◆ Provided entries:
====================

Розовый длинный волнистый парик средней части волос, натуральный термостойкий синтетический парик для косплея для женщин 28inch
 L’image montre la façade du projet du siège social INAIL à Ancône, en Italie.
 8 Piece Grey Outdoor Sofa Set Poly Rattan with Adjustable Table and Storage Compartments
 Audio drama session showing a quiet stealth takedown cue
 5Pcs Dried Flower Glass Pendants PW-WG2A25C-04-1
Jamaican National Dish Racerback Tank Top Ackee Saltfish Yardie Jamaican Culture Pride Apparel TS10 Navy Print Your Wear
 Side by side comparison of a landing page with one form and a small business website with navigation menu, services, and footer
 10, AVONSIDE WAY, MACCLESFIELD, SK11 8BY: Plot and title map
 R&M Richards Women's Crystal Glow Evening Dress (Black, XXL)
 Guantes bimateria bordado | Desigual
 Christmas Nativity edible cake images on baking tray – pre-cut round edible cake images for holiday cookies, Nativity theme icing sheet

====================

◆ Exercise: Return every line above where "with" appears.

◆ Answer below:
 8 Piece Grey Outdoor Sofa Set Poly Rattan with Adjustable Table and Storage Compartments
 Side by side comparison of a landing page with one form and a small business website with navigation menu, services, and footer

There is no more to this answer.